**INFORMATION PROVIDED**
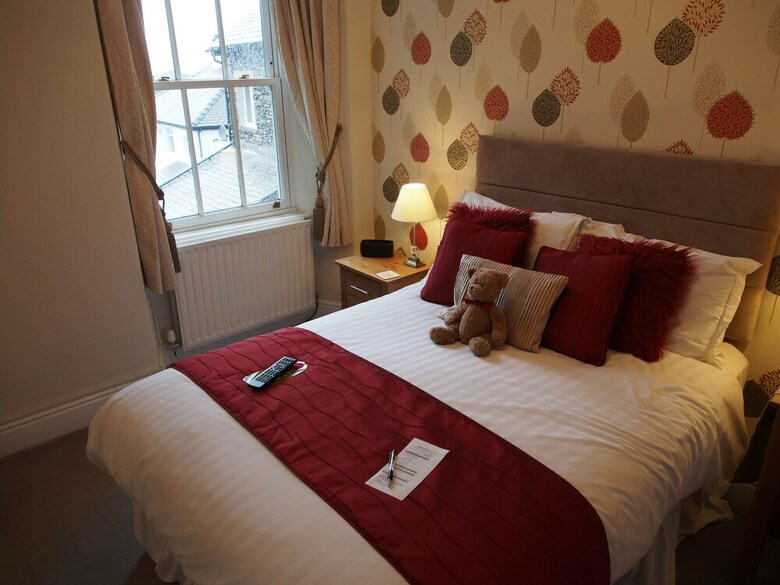Hostal Montfort Cottage Guest House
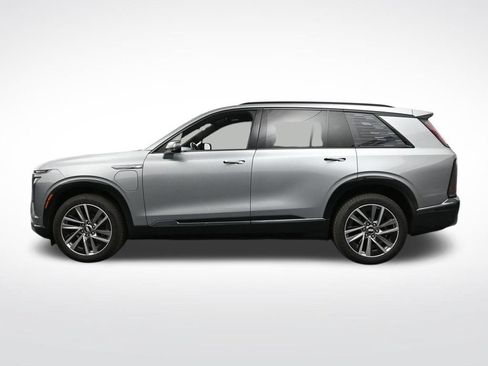 Used 2026 Cadillac Vistiq Luxury AWD/4WD image 2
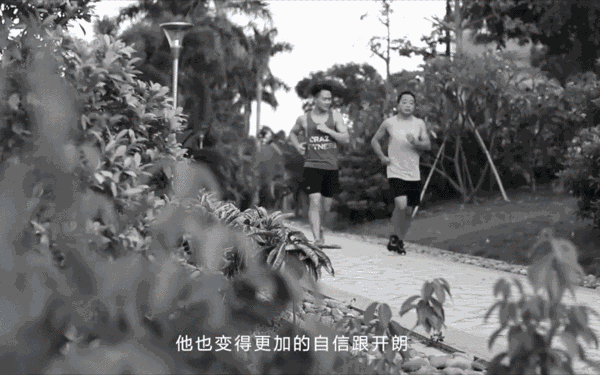 60岁杨丽萍裸背刷屏：永远别小看一个自律的人 - 22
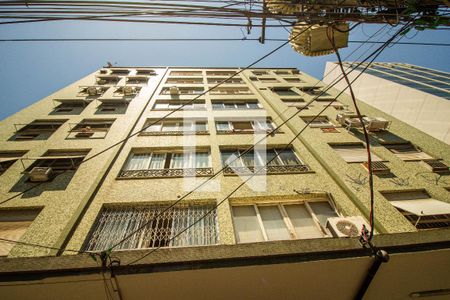 Apartamento à venda com 140m², 3 quartos e sem vaga Apartamento à venda com 140m², 3 quartos e sem vagaFachada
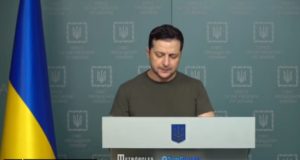 Zelensky acusa a Rússia de "genocídio" e de atacar "jardim de infância"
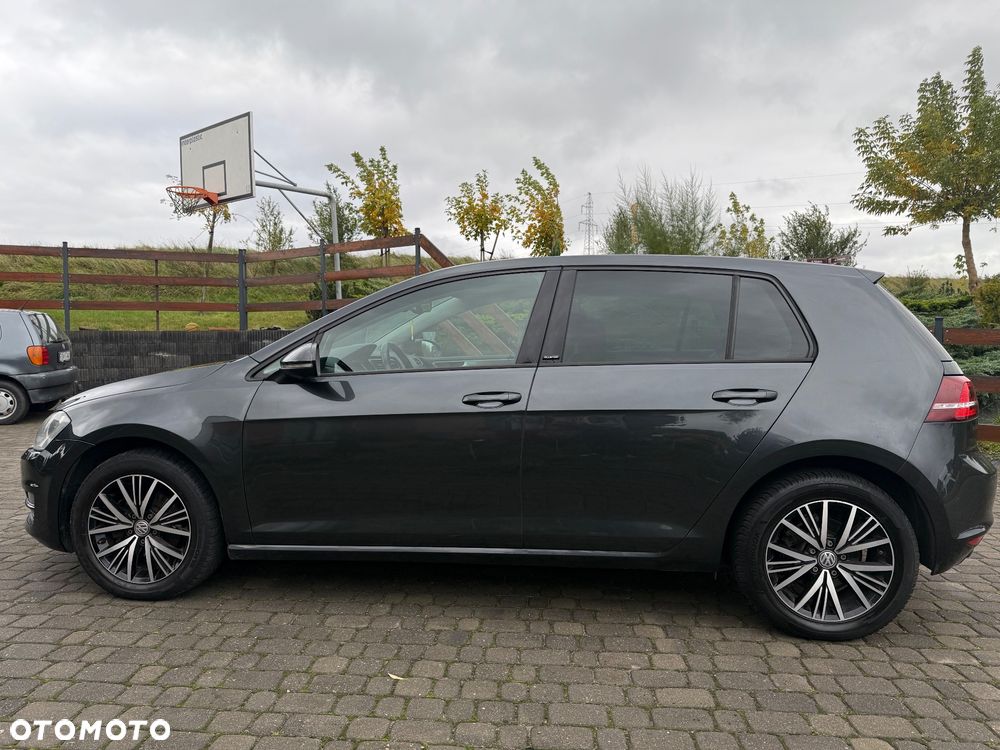 Volkswagen Golf 1.2 TSI BlueMotion Technology Allstar - 11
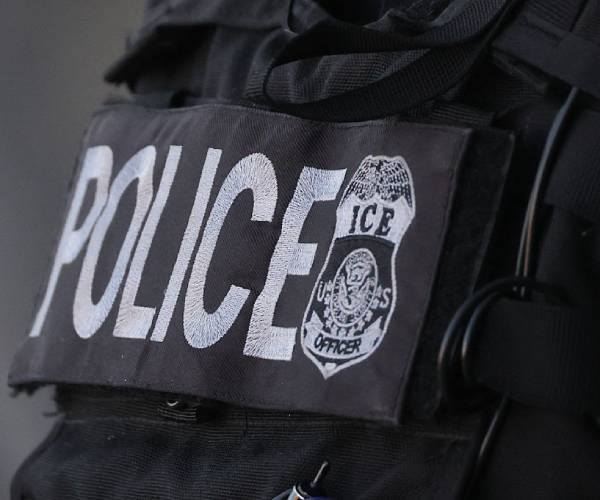 LA Activists Installing Sirens to Warn of ICE Raids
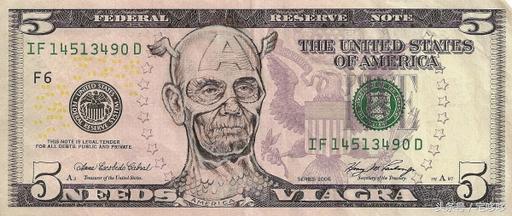 这个人对这些钞票做的事情是违法的，但我超爱的！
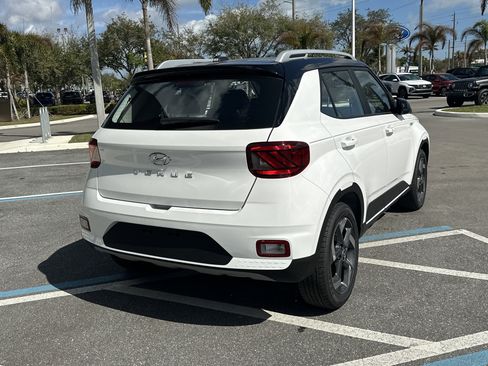 New 2026 Hyundai Venue SEL image 7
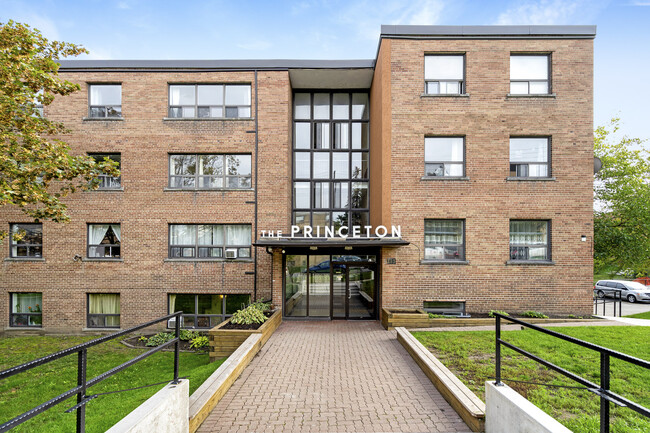 Princeton Apartments in Toronto, ON - Building Photo - Building Photo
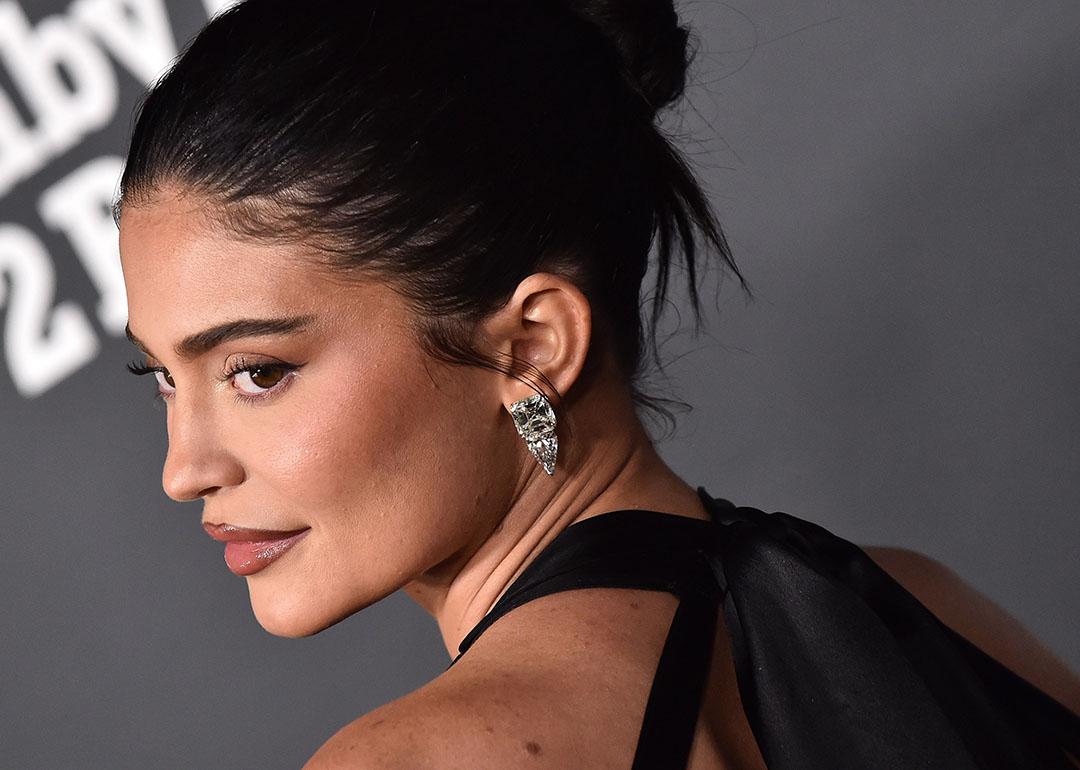 Head and shoulders photo of Kylie Jenner arriving for Baby2Baby Annual Gala on November 12, 2022 in WeHo.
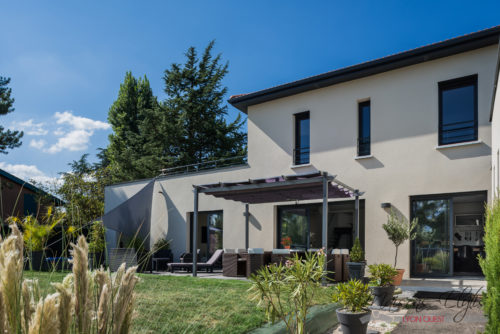 Construction d'une Villa contemporaine en L. Ouest Lyonnais. Toiture végétalisée. 4 pans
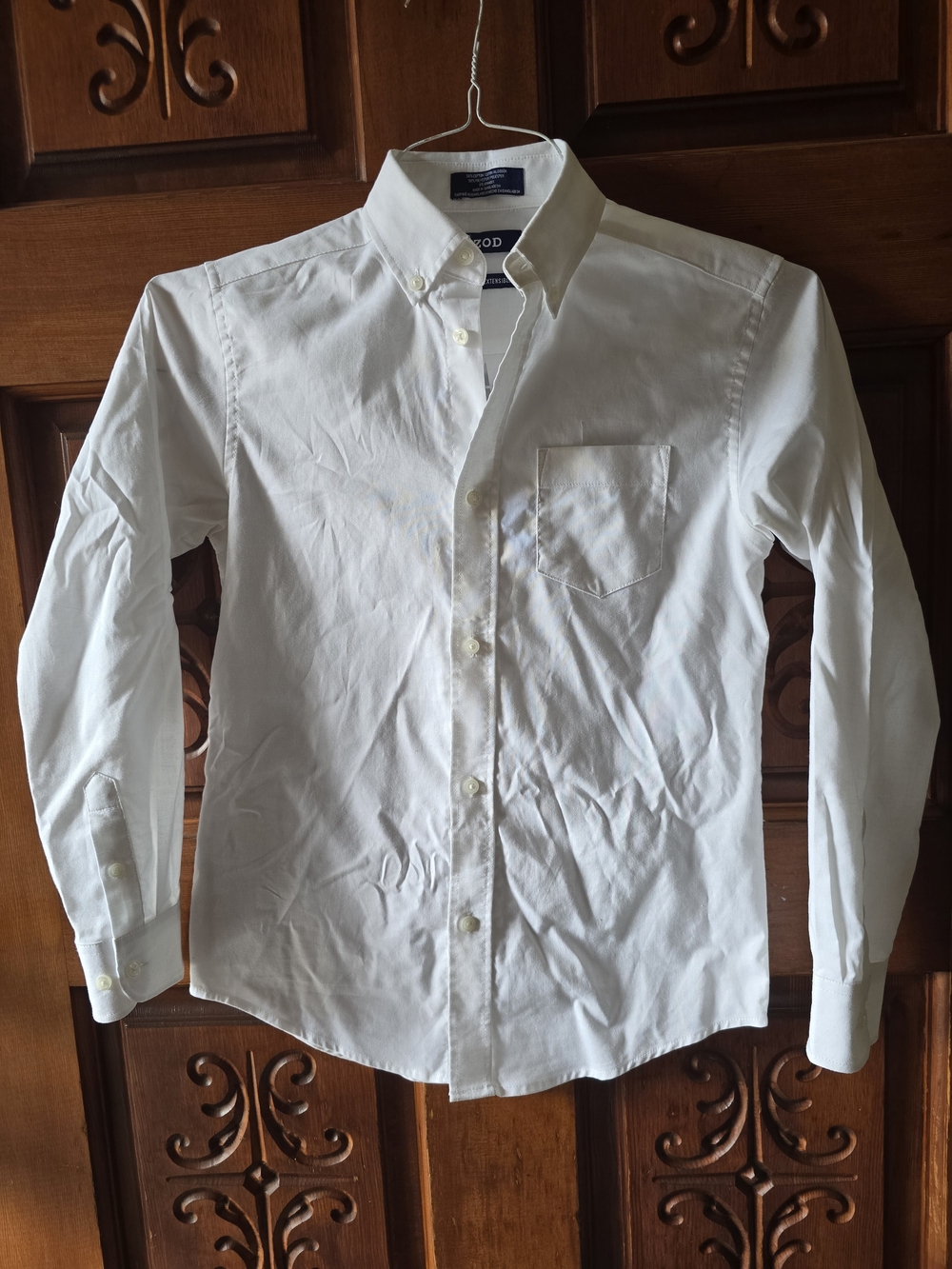 Izod White Button-Down Dress Shirt - Classic Oxford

**ASSIGNMENT**
Take the lines from the one holding "Construction d'une Villa" through the final line of the records above and output them exactly, both ends included, excluding pictures.

**RESULT OF THE EXERCISE**
 Construction d'une Villa contemporaine en L. Ouest Lyonnais. Toiture végétalisée. 4 pans
 Izod White Button-Down Dress Shirt - Classic Oxford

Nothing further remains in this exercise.